Quel bibliothécaire refuserait de souscrire à un tel programme ? Mais comment, concrètement, mettre en œuvre ces belles déclarations d’intention ? Les exemples sont hélas peu nombreux et, au final, reposent sur une notion simple tirée de la distinction opérée par Bernard Lahire entre culture chaude et culture froide. La culture chaude est celle de la détente et du loisir, de la participation et de la convivialité, la froide celle de l’étude, de la distance, de la forme et de l’expérience individuelle. Claude Poissenot applique alors de manière systématique cette distinction au schéma d’organisation de la nouvelle bibliothèque en distinguant deux sous-parties : une bibliothèque froide, où le silence est garanti et où les collections sont tournées vers l’étude, et une bibliothèque chaude, plus proche de l’entrée (il est plus facile d’aller d’une zone chaude vers une froide que l’inverse) et qu’il faudrait d’ailleurs avoir le courage de baptiser bibliothèque de divertissement. Dans cette zone, le silence n’est pas la règle et la priorité doit être donnée aux visiteurs sur les documents. Des collections chaudes y sont implantées : littératures de genre, classées d’ailleurs par genre – cela inclut aussi bien le policier, la SF que la littérature de terroir, mais aussi la littérature érotique, la littérature gay et lesbienne, le rap, la techno et le R&B, sans oublier les BD et mangas. Enfin, on y retrouve aussi bien l’espace adolescent que l’implantation souhaitable d’une cafétéria.

Faisons abstraction du vocabulaire ou du schéma un peu réducteur présenté ici : construire des espaces différents, dédiés à des publics et des usages différents, n’est-ce pas ce à quoi s’emploient tous les bibliothécaires (ou presque) ? Distinguer des zones de loisir et des zones d’étude studieuse, n’est-ce pas ce que tout aménagement ou construction de bibliothèque prévoit aujourd’hui ? Les lieux passerelles, dédiés à la découverte, aux loisirs, aux faibles lecteurs, à ceux qui préfèrent les écrans ou les revues fleurissent, qu’ils s’appellent « Pôle Intermezzo » à la bibliothèque Cabanis de Toulouse, ou « espace Passerelle » à la toute récente médiathèque La Clairière de Fougères, voire simple « section passerelle » à la médiathèque Croix-Rouge de Reims. Bref, les réalisations ne manquent pas. Et, point par point, on pourrait trouver de multiples exemples qui donneraient chair aux vœux de Claude Poissenot. La simplification des règles de prêt est, par exemple, largement avancée dans de nombreux établissements, y compris dans le réseau des bibliothèques de Paris.

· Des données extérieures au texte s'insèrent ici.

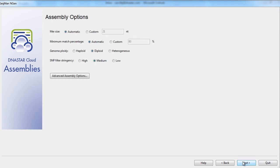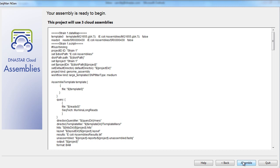Finally, we can choose to adjust our assembly parameters if desired. The default parameters here work for most projects. Now we've finished setting up our project. At the top of the screen, we can confirm how many assemblies are running. Next, you can click assemble to begin.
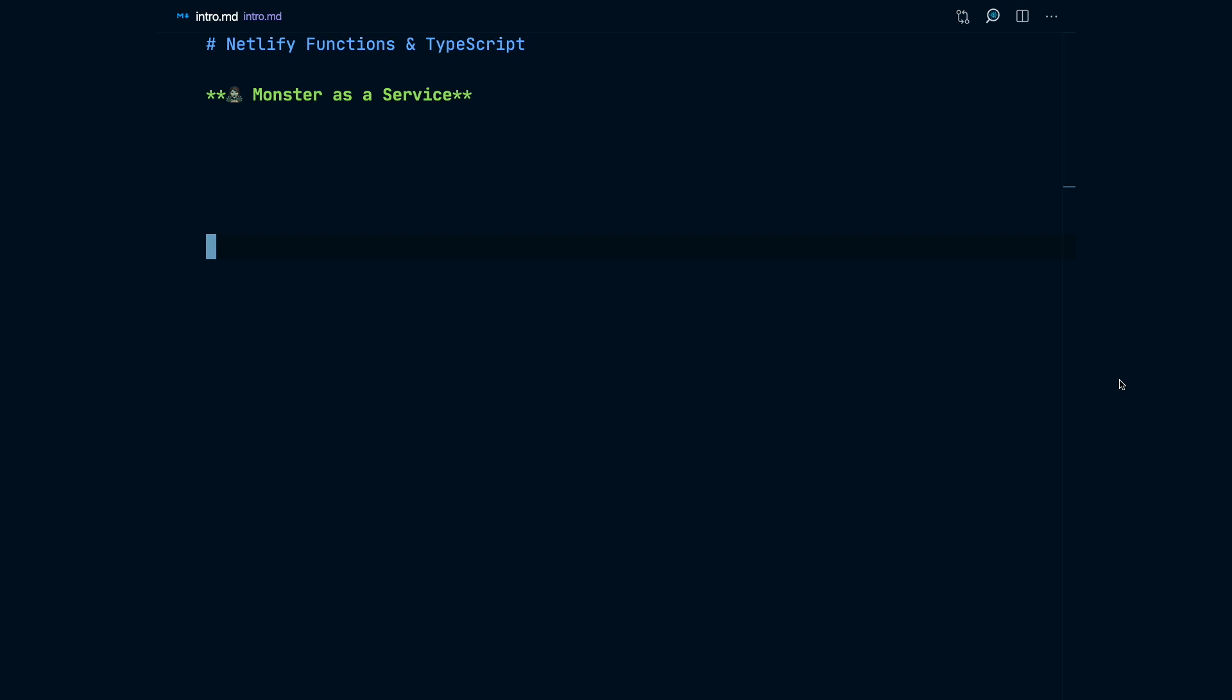Hey folks, so let's get started with Netlify functions in TypeScript. We're going to be building today our Monster as a Service API.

Même s’il subsiste des points de résistance, sur les collections en particulier, le modèle prescripteur décrit par Claude Poissenot me semble donc largement fantasmé, et sa nouvelle bibliothèque d’ores et déjà exister.

Remercions cependant l’auteur de nous rappeler que nos établissements sont toujours en construction et nos pratiques en discussion. Toute bibliothèque doit, au final, non point être un modèle, mais une œuvre évolutive et réactive, souple, adaptable à l’évolution des publics et des usages. De cela, nous sommes tous convaincus.